機材は大量ですが、40L クラスの容量がある大きなリュックに全部を詰め込めば、なんとかかろうじて一人で背負って移動できそうで一安心という感じ。

セットアップには絶対に時間が掛かるので、これまでよりも早く現地入りする必要がありそうですが、なんとかリモート受講の仕組み自体は構築できることを確認しました。

リモート受講や動画配信でのプログラミング学習

実は今回のリモート受講実現とは直接的には関係ないのですが、私自身、少し前から「動画でプログラミングを学習するということ」についてぼんやりと思考を巡らすことが多くありました。というのは、以前 Twitter かなにかで「最近の若い人たちや子供たちは動画で様々なことを勉強する」というのを見かけたときに、なるほどなあと感心したことがあったのですよね。
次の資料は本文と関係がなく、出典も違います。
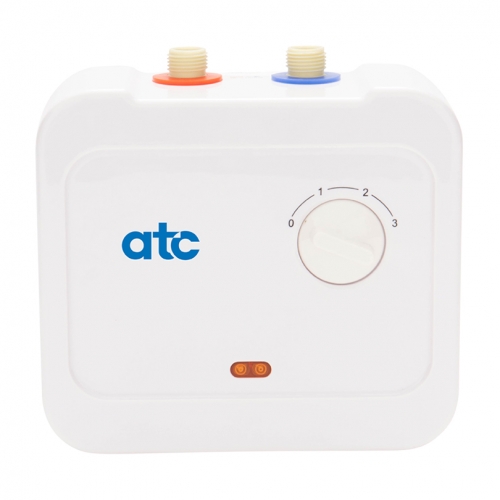 ATC INST5.7 White ABS Plastic Cased Compact Instantaneous Water Heater With 3 Heat Options IPX4 5.7kW Height: 197mm | Width: 210mm | Depth: 117mm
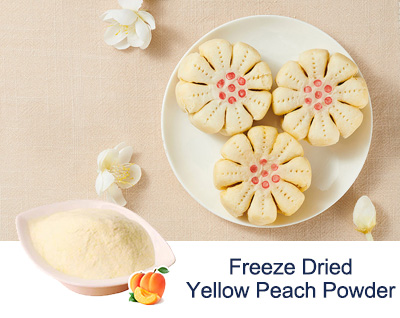 China freeze dried peach powder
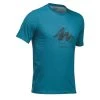 Quechua Men’s Hiking T-Shirt - NH 100 Blue -Outdoor Adventure Shop mens hiking t shirt nh 100 blue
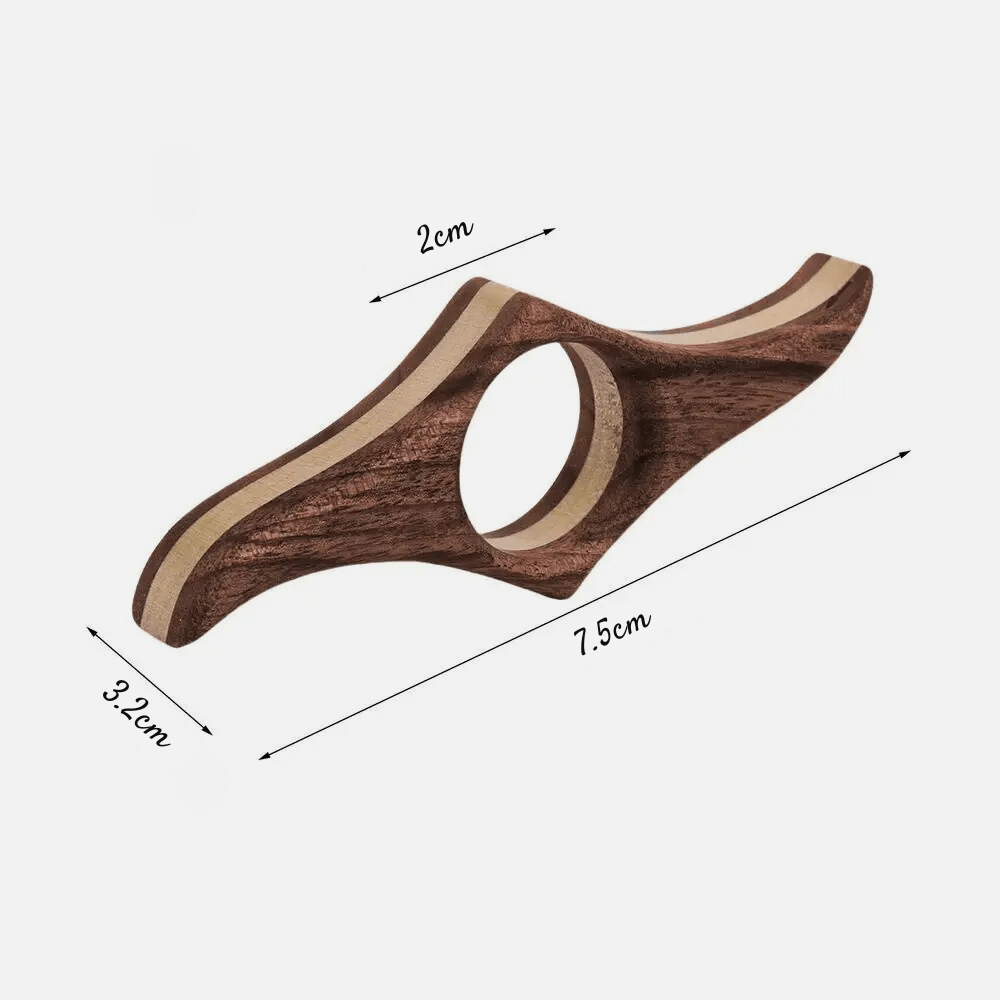 Paradis du lecteur - Bague de lecture en bois design S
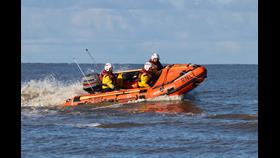D864 at sea with crew
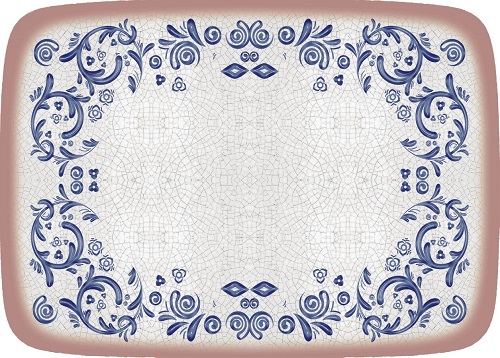 Блюдо прямоуг. 230*160 мм. Виенто, форма Мув Bonna /1/12/1260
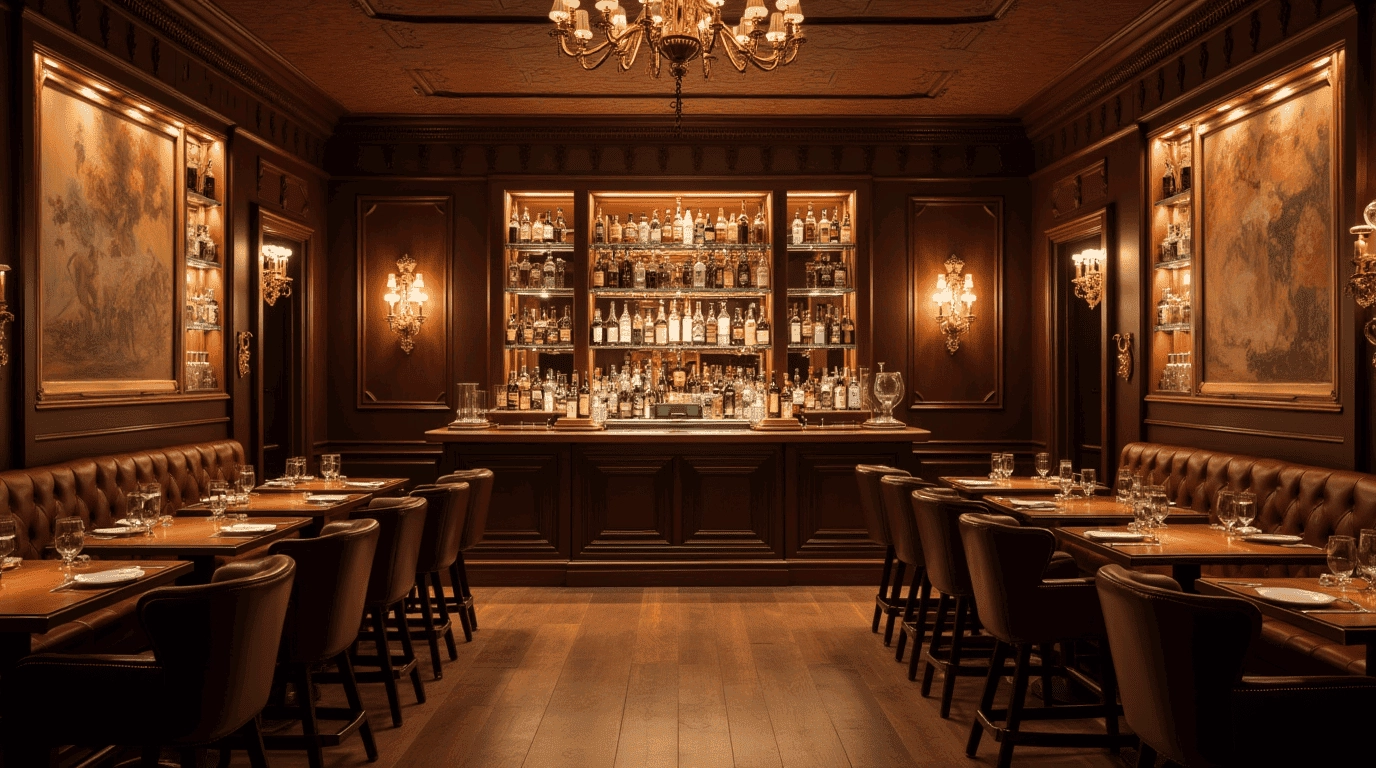 Дизайн проект рюмочная в стиле неоклассика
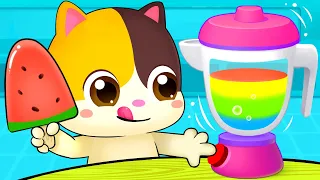 Rainbow Ice Pop - Colors Song | Learn Colors | Nursery Rhymes & Kids Song | Mimi and Daddy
思い立ったが吉日ということで、それから早速、実際に YouTube に行って「プログラミング 学習」などで検索してみて、その結果を見たときにそのあまりの惨状に本当に悲しい気持ちになりました。検索結果として並んでいる動画はどれも「○○ヶ月で○○稼ぐ!」とか「いま稼げるプログラミング言語はこれだ!」といった、本当になんていうか……チリの一粒分の価値もない動画ばかりだったんですよね……

そういう現実を知らなかった私が愚かなだけなんですけど、あまりに酷すぎる現実にカルチャーショックを受けました。

偏見や先入観で物事を考えてはイカンなと思って、実際にそれらの動画を感情を無にしていくつか見てみたりもしたのですが……

本当に、情報弱者を狙ったこういう下衆な行いがなぜ平然と行えるんでしょうね…… まったく理解できない世界でした。

ドットインストールや Udemy のような「動画を活用したプログラミング学習プラットフォーム」も結構前から存在していますし、そういった類の動画に関しては、もちろん情報商材詐欺みたいな内容ではないと思います。でも、やっぱり無料で誰でも自由に閲覧できる動画の中に、質の高いプログラミング学習のためのコンテンツが少しずつでも増えていかないと、結果的に割りを食うのは我々現役のプログラマーなんじゃないかなと思ったりもします。業界の将来を危惧しているみたいなことを言いたいわけではなく、自分になにかできないかなあというのを強く感じました。

たとえば日本の伝統芸能や意匠は、多くの場合において後継者不足が問題になっているというのをよく見聞きします。時代に合わせて変化していくことができないものは、どんなに努力をしても、それがどんなに素晴らしいものであったとしても、やっぱり少しずつ失われていってしまうように思います。伝統芸能や職人技とプログラミング学習を一緒にするのはちょっと乱暴だとは思うのですが、やっぱり動画を学習プラットフォームとして選択する世代がこれからどんどん増えていくことが予測できるなら、これからは動画というジャンルにおいても、プログラミング学習のための高品質なコンテンツを作っていく必要があるのではないかと、どうしても考えてしまうのでした。

実際動画でコンテンツを配信することを考えると……

まずなによりも時間的なコストとかがすごいことになってしまって、編集作業とか収録作業とか、慣れたとしても相当きつそうだなというのが現時点での体感としてはあります。私の場合は文字をテキストとして入力したりすることはあまり苦ではないので、普通にウェブサイトを更新するのはそれほど負担にならないのですが、動画を作るとなるとワケが違いますね……

それでも、なんか今後はそういうこともやっていく必要があるのかなと今は感じています。

願わくば、それが私自身の実入りにもつながってくれたら嬉しいのですが、まあ最初からそれを考えるのはちょっと難しいかなと思います。まずは、採算とかは考えずに、いかにして良いコンテンツを提供するかをじっくり検討を重ねながら、実行していくしかないのでしょうね。がんばります。